Loretta Saunders, the Inuk university student writing her thesis on missing and murdered aboriginal women, was killed on the same day native women delivered a petition to Parliament, signed by more than 23,000 Canadians, demanding a national inquiry into the issue.
That connection haunts Cheryl Maloney, a native leader in Nova Scotia – and it has also compelled her to act.
Ms. Maloney, the president of the Nova Scotia Native Women’s Association, is organizing a vigil on Parliament Hill at noon on March 5 to honour Ms. Saunders and other missing and murdered indigenous women. Delilah Saunders-Terriak, Ms. Saunders’s younger sister, has also called out for vigils to be organized across the country this month – and is receiving offers of help.
Ms. Maloney has no clue as to how many people will show up, or how the vigil on Parliament Hill will be structured. She simply believes “something big has to be done.”
So far, repeated demands for an inquiry – including as recently as Friday – have fallen on deaf ears. But Ms. Maloney hopes that Ms. Saunders’s story and her quest to shine a light on the issue that captivated so many Nova Scotians will do the same across the country.
“She broke the stereotype of what people can accept as missing and murdered aboriginal women,” said Ms. Maloney. “It’s easy for people to say ‘okay, they were on drugs. It’s okay, they were a sex trade worker.’ That’s not the whole story of who is going missing and murdered.”
Ms. Saunders was a 26-year-old Saint Mary’s University student, studying criminology. She had dreams of becoming a lawyer and hoped to return to her Labrador community as a role model.
What struck Ms. Maloney about the support for Ms. Saunders’s family as they searched for nearly two weeks was that it was strong, immediate and not along ideological lines. “People genuinely cared. People were kind. I don’t think Canadians take the same position Stephen Harper has of indifference to the issue of aboriginal women going missing …,” she said.
There are reports that at least 800 native women have been murdered or gone missing since 1990. Since September, there have been eight aboriginal women who have been killed, according to the Native Women’s Association of Canada. Ms. Saunders is one of the eight.
“This is about patterns … if you are an indigenous woman and you are five times more likely to be murdered than I am, then there is a pattern,” said NDP Halifax MP Megan Leslie. But what is different with Ms. Saunders’s case, she said, is that “we are paying attention and the collective ‘we’ care about this.”
“People have actually said her death won’t be in vain,” said Ms. Leslie. “What the reason is I don’t know exactly.

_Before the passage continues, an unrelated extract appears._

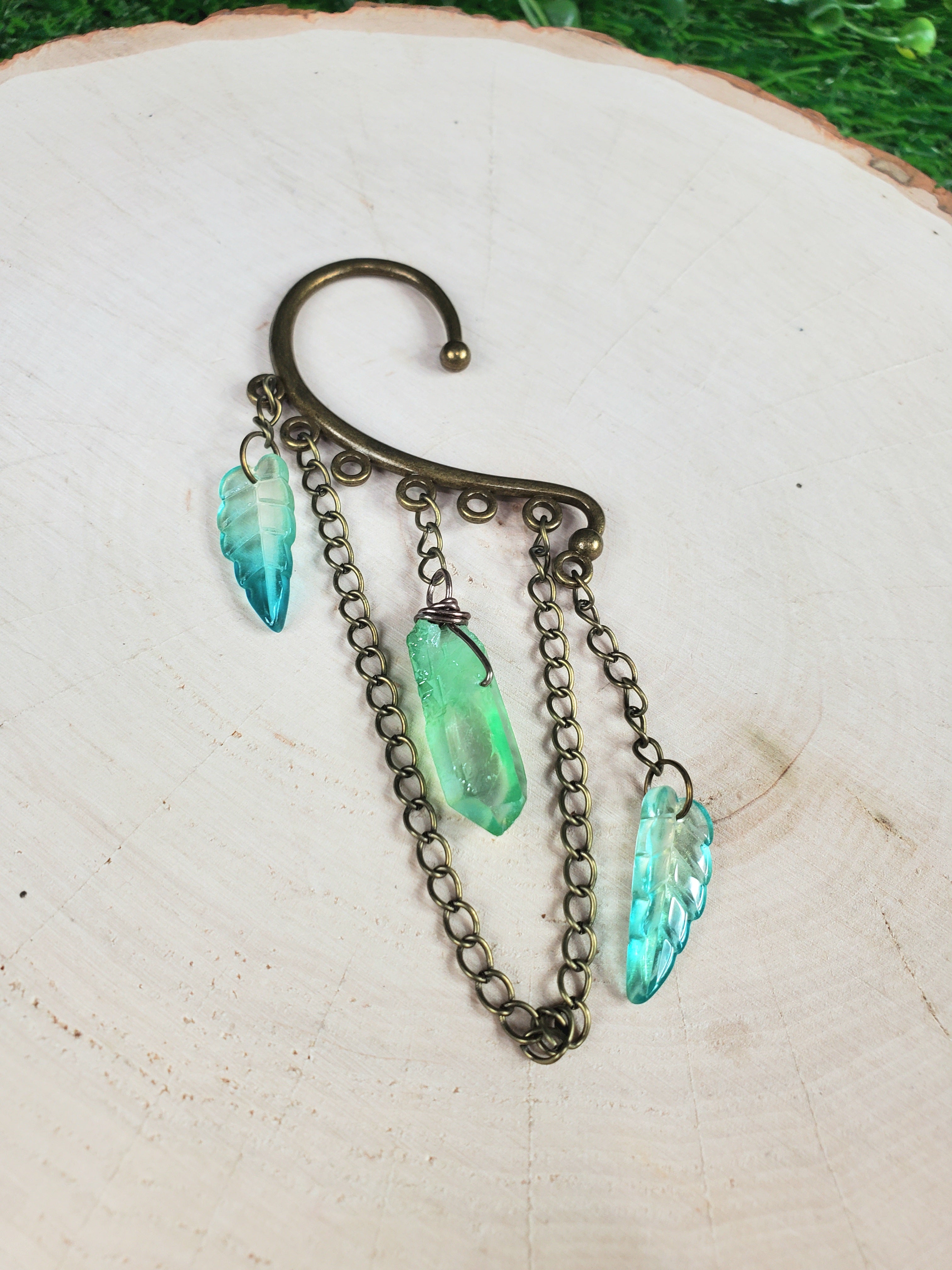 Crystal Point and Leaves Ear Cuffs - Bronze Ear Cuffs - Dangle Chain Earring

But I am thankful.”
The Assembly of First Nations, which has repeatedly called for a national inquiry, noted that Ms. Saunders’s death provoked an increased awareness in a larger Canadian audience.

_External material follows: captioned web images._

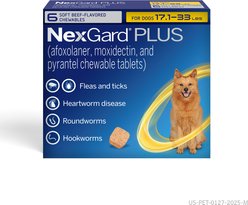 NexGard PLUS Chewables for Dogs, 17.1-33 lbs. (Gold Box) 6 Chewable Tablets (6-mos. supply)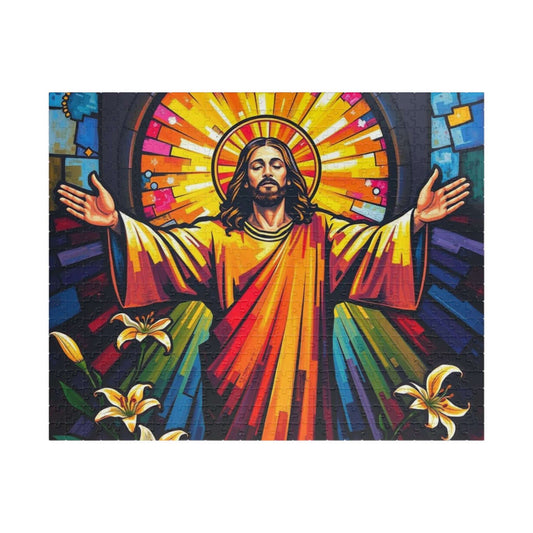 Radiant Jesus Puzzle - Colorful Religious Jigsaw, Inspirational Artwork Ideal Gift for Faith, Family Gatherings, and Spiritual Celebrations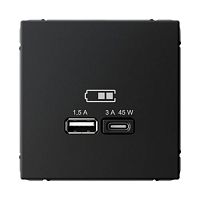 Розетка Systeme Electric ARTGALLERY USB Type-A + Type-C, карбон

AFN Alberta Regional Chief Cameron Alexis, who speaks on this issue for his organization, is hopeful that it can “turn the balance” politically. “There is a public outcry here and what are we doing about it?” he asked.

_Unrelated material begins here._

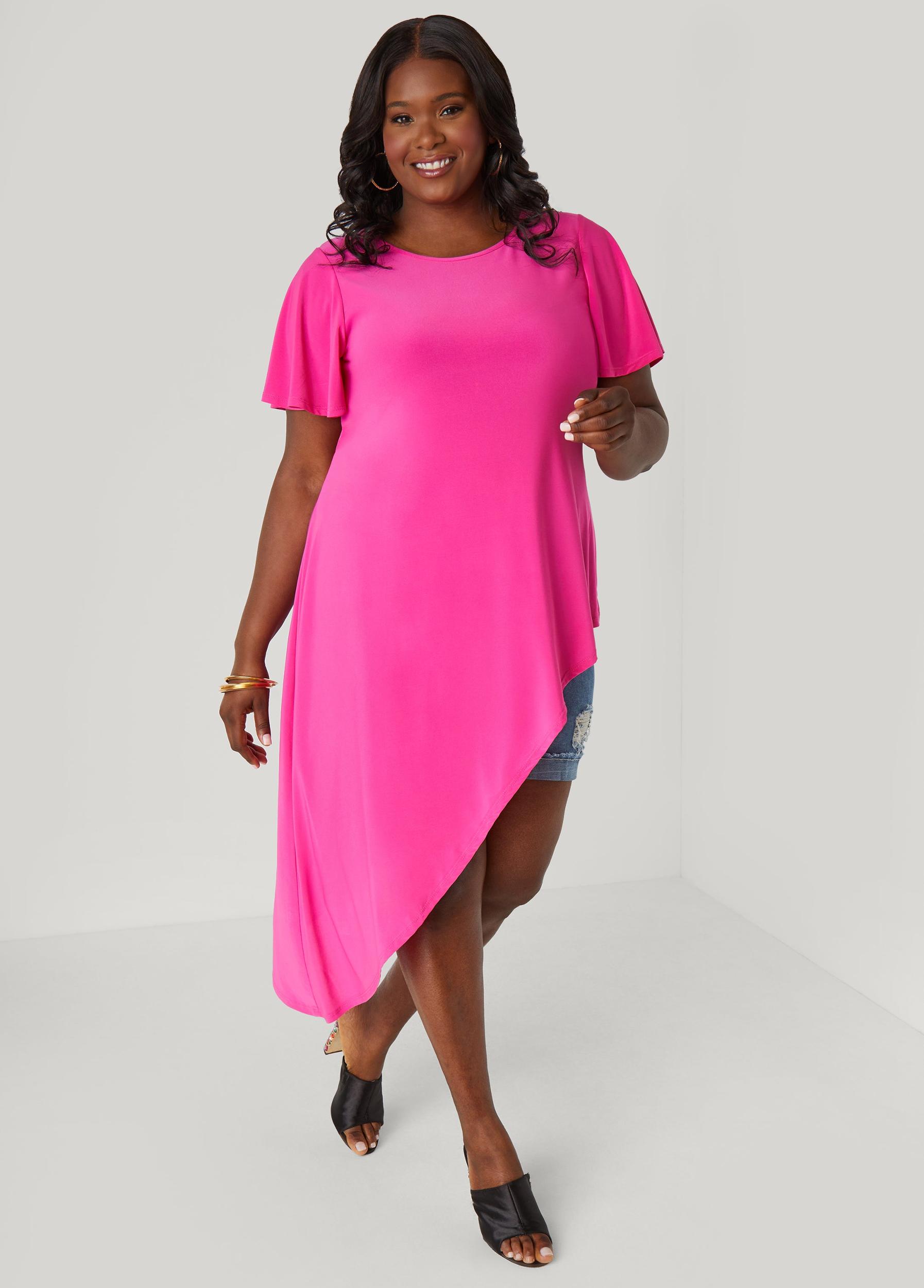 Asymmetric Stretch Knit Top Product Image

Ms. Saunders went missing on Feb. 13. For two weeks, her family, many of whom live in Labrador, were in Halifax searching for her. Last Wednesday, her body was found dumped in a wooded median of the Trans-Canada Highway in New Brunswick.
Two people – Blake Leggette, 25, and his girlfriend, Victoria Henneberry, 28 – who were subletting her apartment for the past month, have been charged with first-degree murder. They were arrested near Windsor, Ont. on Feb. 18 and initially charged with stealing Ms. Saunders’s car.
Police believe Ms. Saunders was killed in her apartment.
Ms. Maloney, meanwhile, hopes Ms. Saunders has started something with her research.
“I think it’s up to Canadians and Canada to step up and finish her thesis and finish this story,” she says.